Records contained in a dataset
=== Section Start ===
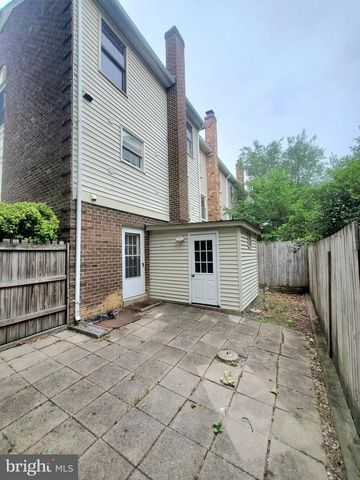 742 S GRANADA ST, Arlington, VA 22204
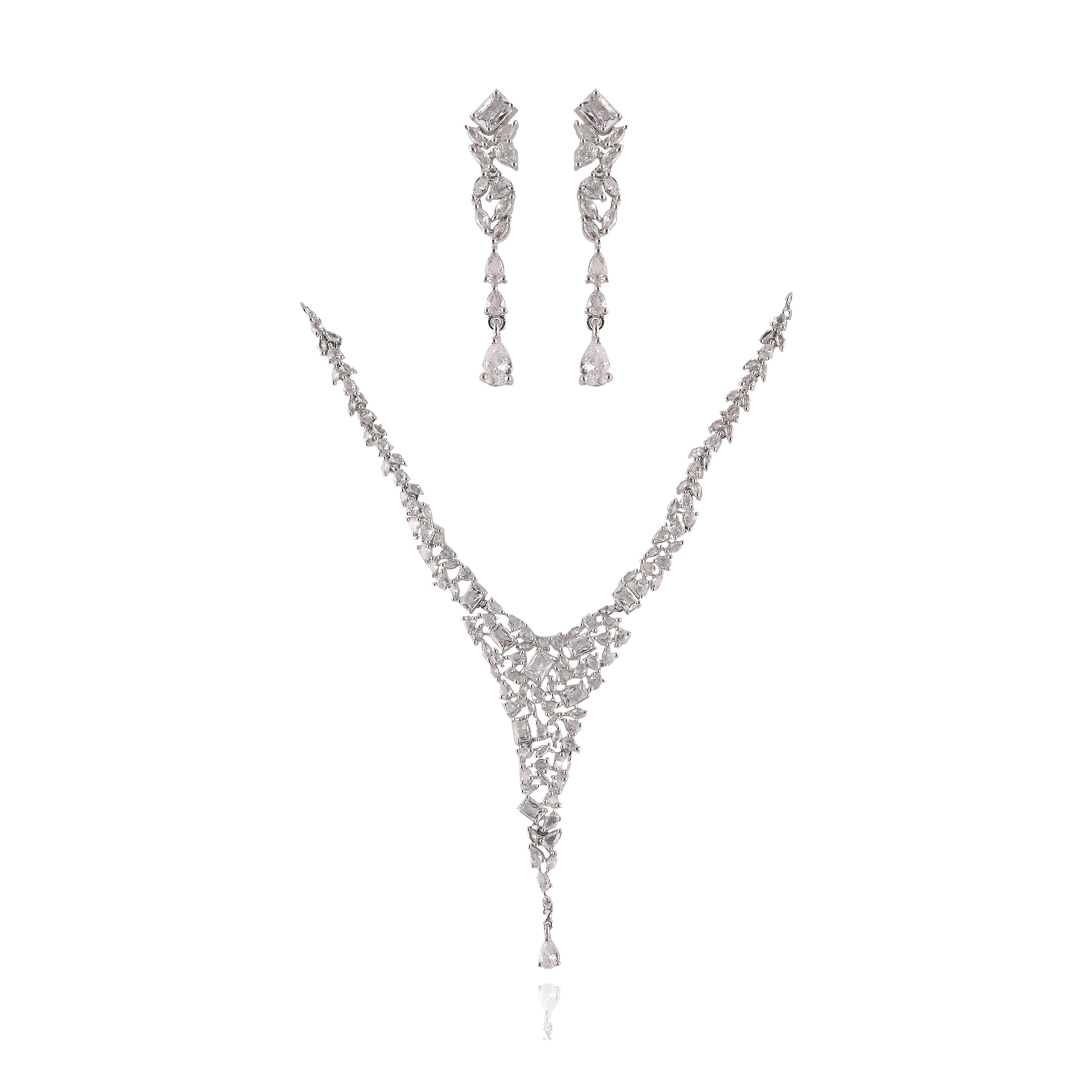 Elegance Silver Zircon Necklace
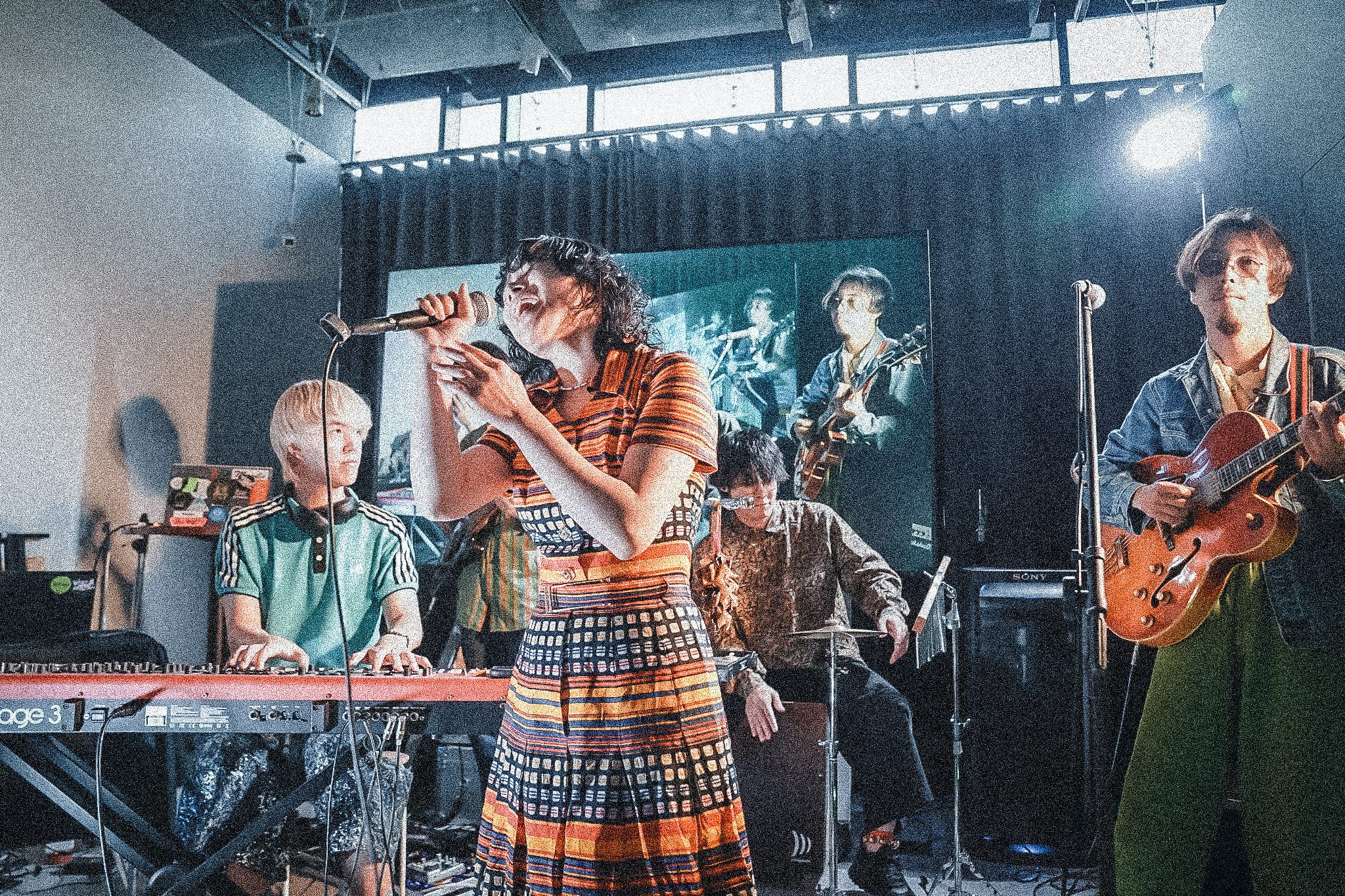 αマルシェ / α marchéの様子 / haudii haudii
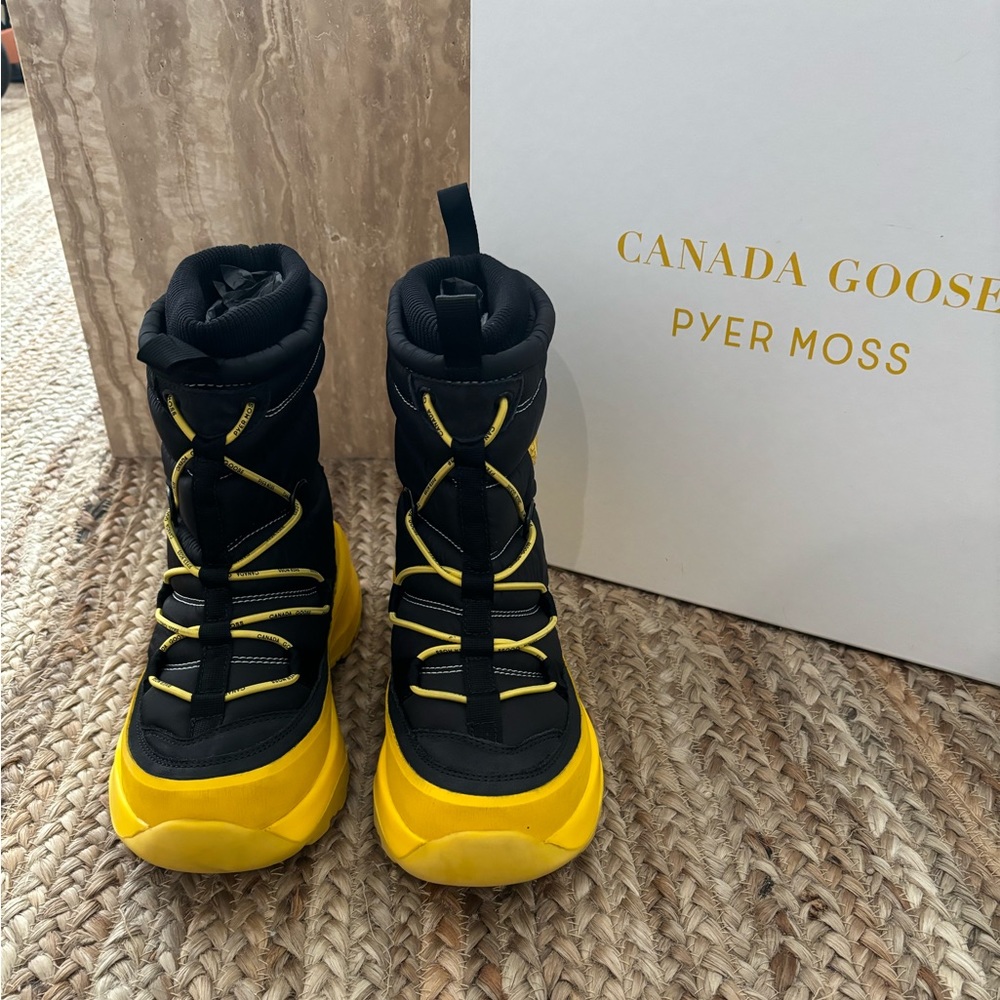 Brand new Canada Goose x Pyer Moss collab boots in size 6
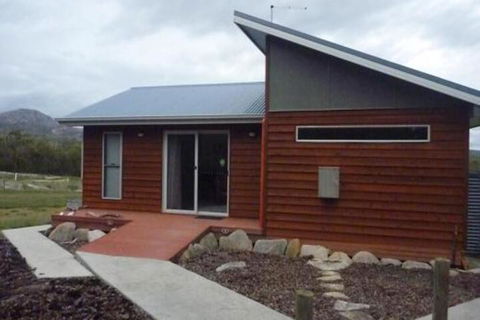 Yakkalla Holiday Cottage - Whitsundays Accommodation 1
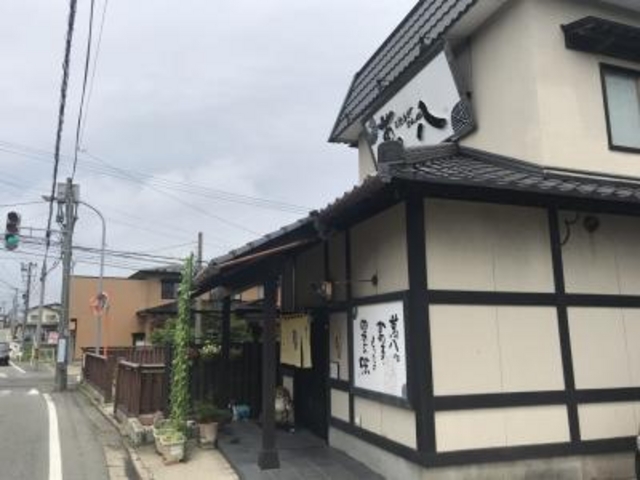 郊外にあります。_萬八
=== Section End ===
- **What to work on**:
No pictures belong in the output. Restate word for word only the lines from the one containing "Brand new Canada" to the end of the entries above.

- **Completed task**:
 Brand new Canada Goose x Pyer Moss collab boots in size 6
 Yakkalla Holiday Cottage - Whitsundays Accommodation 1
 郊外にあります。_萬八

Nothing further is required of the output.